The reply should hold only the lines from the one with "More Photos Of" to the one with "KlaryBrait online show", both ends kept, exactly as they appear below, without any pictures.

Entries provided:

--- --- ---

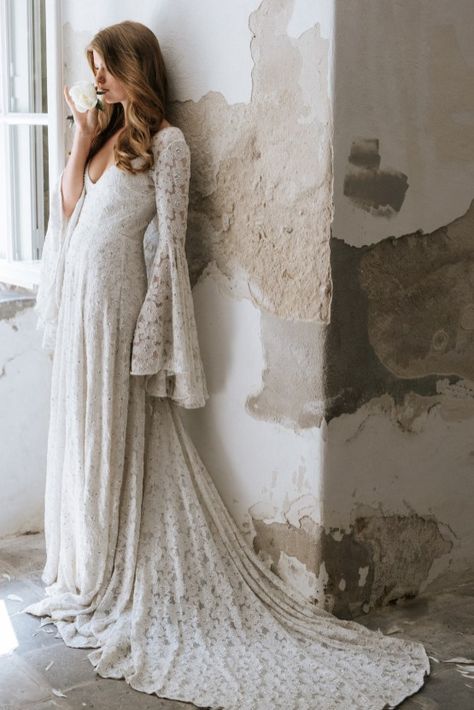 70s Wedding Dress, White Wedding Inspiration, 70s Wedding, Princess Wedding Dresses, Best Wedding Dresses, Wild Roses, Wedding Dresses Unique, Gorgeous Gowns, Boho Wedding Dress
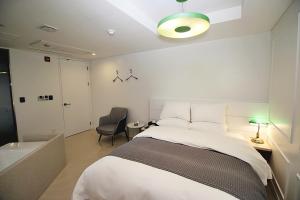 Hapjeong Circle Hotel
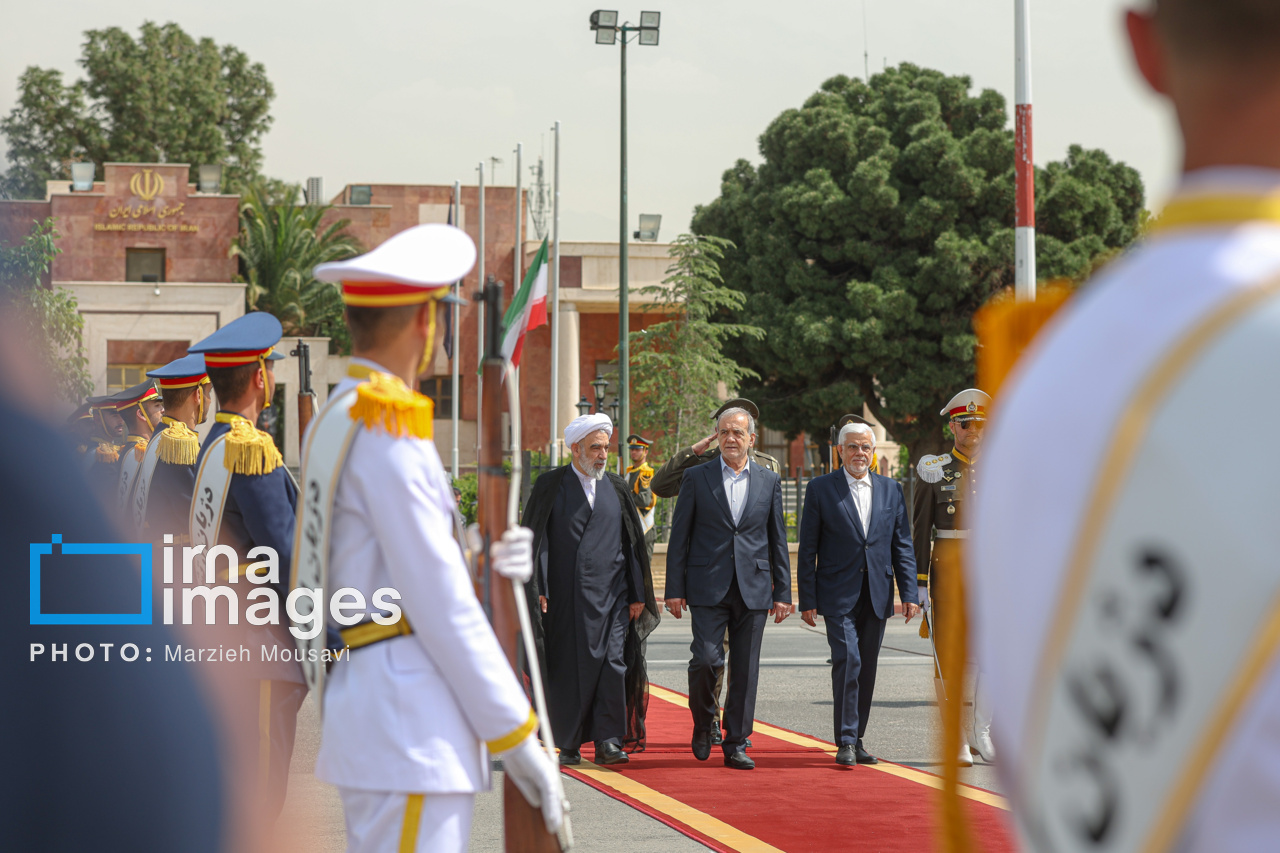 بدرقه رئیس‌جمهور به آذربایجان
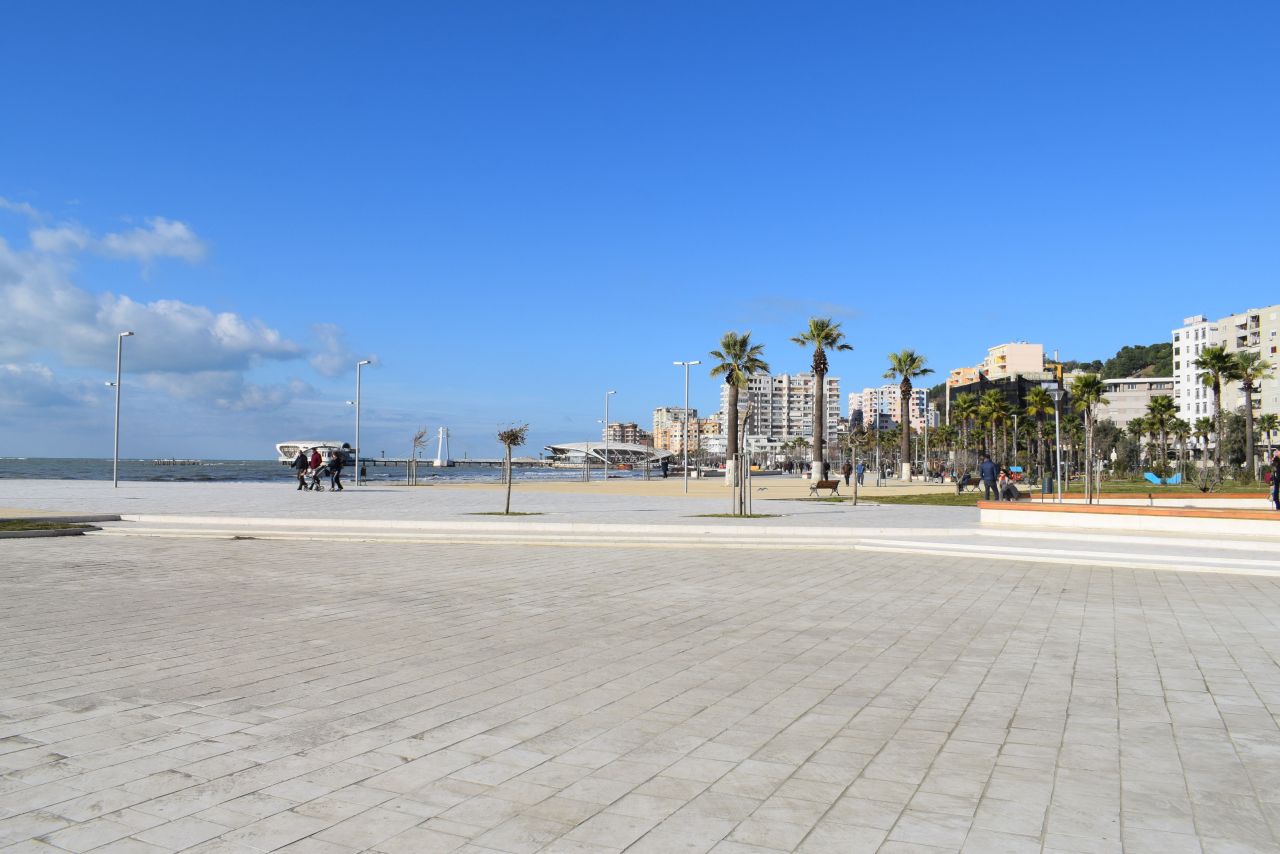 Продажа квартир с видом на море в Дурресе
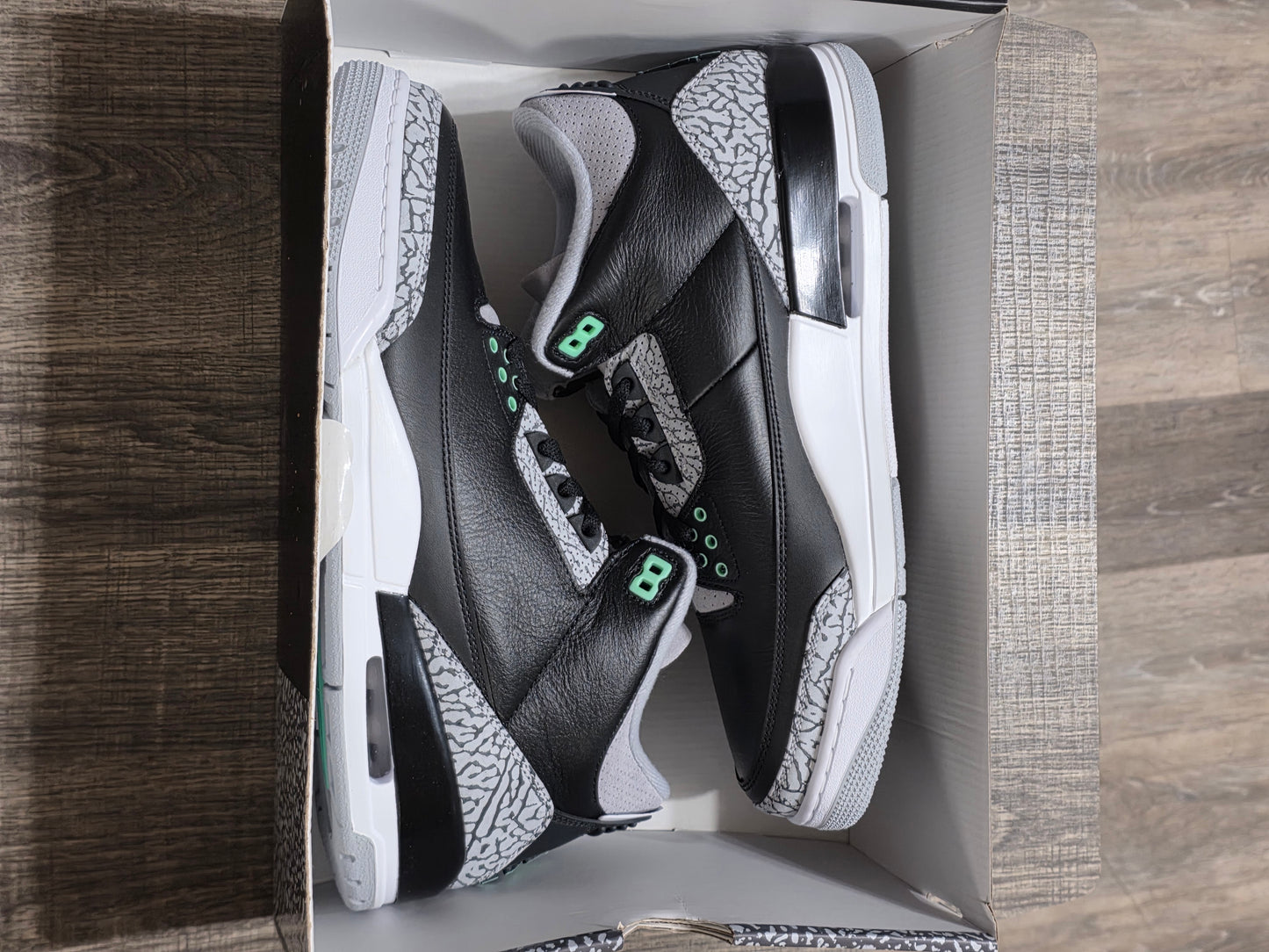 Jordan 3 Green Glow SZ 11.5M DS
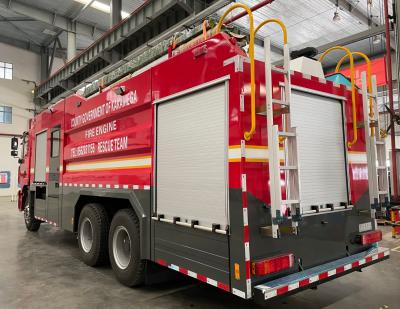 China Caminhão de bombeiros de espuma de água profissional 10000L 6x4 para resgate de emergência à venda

--- --- ---

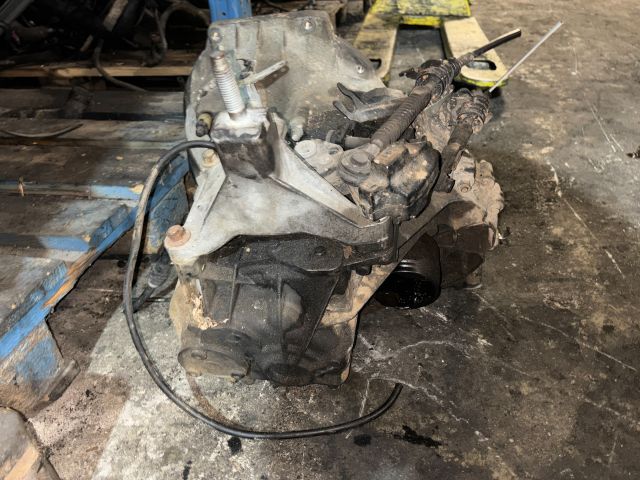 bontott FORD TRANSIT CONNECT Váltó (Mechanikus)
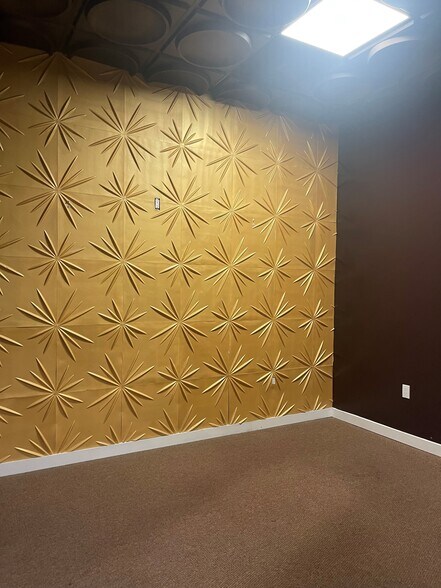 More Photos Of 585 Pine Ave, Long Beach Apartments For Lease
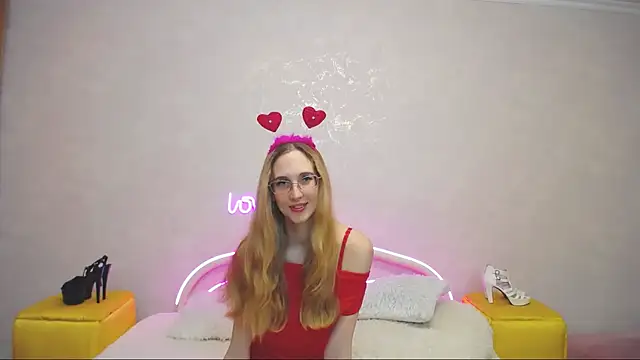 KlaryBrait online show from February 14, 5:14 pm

--- --- ---

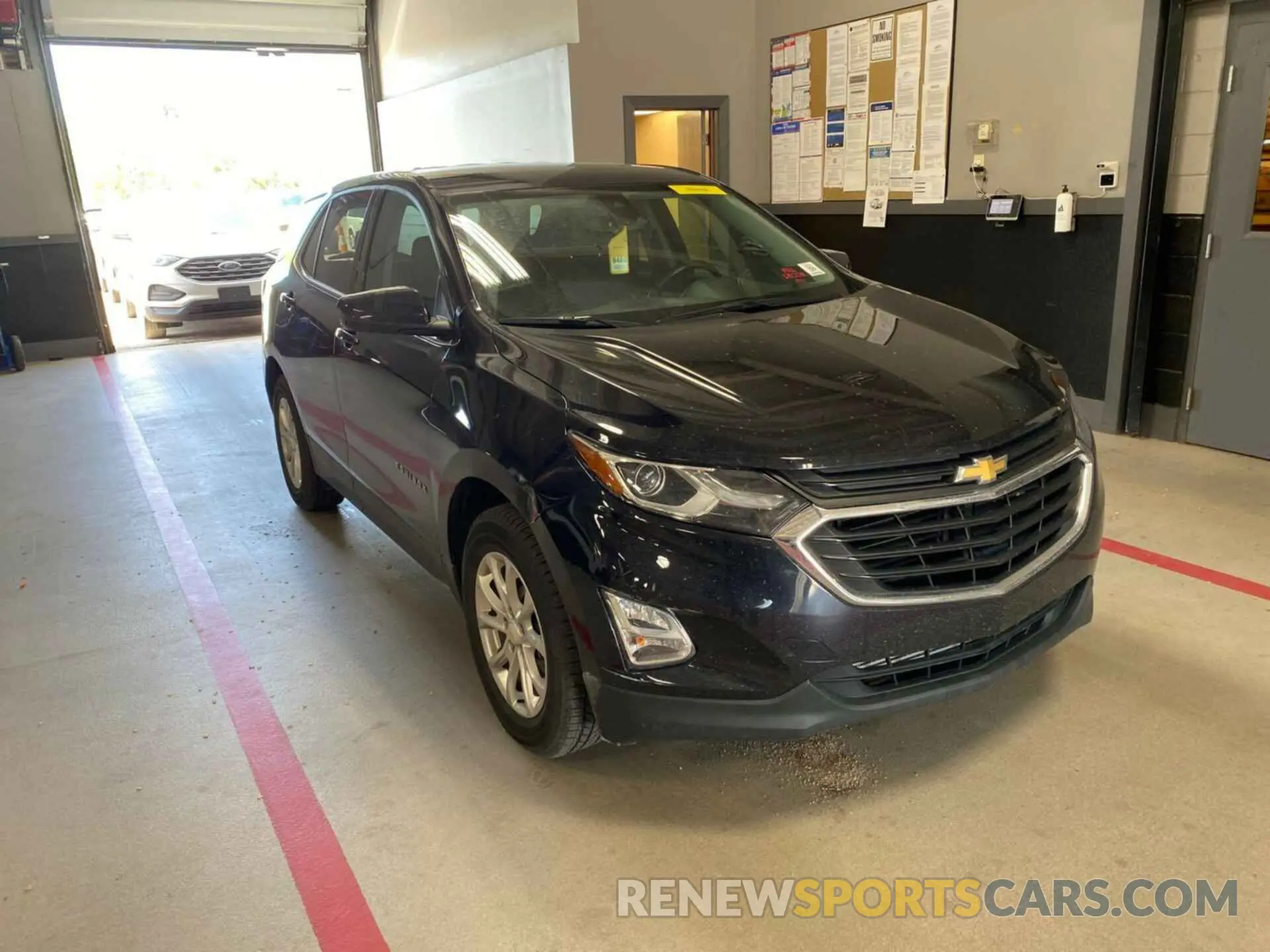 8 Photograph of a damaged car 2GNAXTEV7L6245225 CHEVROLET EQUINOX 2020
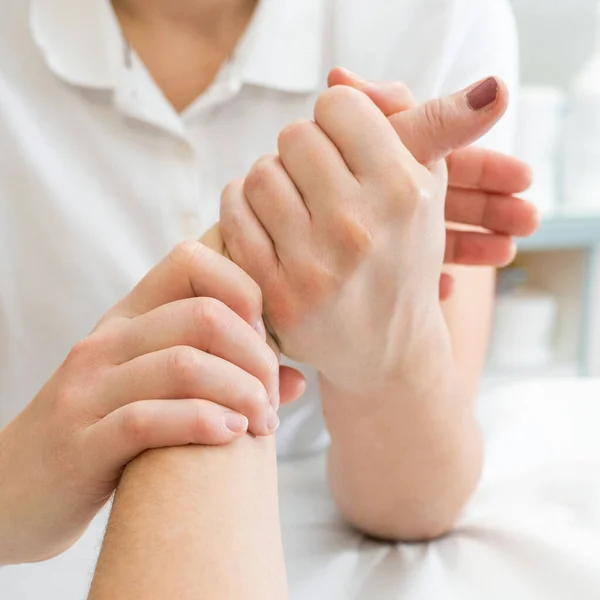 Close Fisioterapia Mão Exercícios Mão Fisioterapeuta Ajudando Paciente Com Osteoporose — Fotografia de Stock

--- --- ---

Exercise answer:
 More Photos Of 585 Pine Ave, Long Beach Apartments For Lease
 KlaryBrait online show from February 14, 5:14 pm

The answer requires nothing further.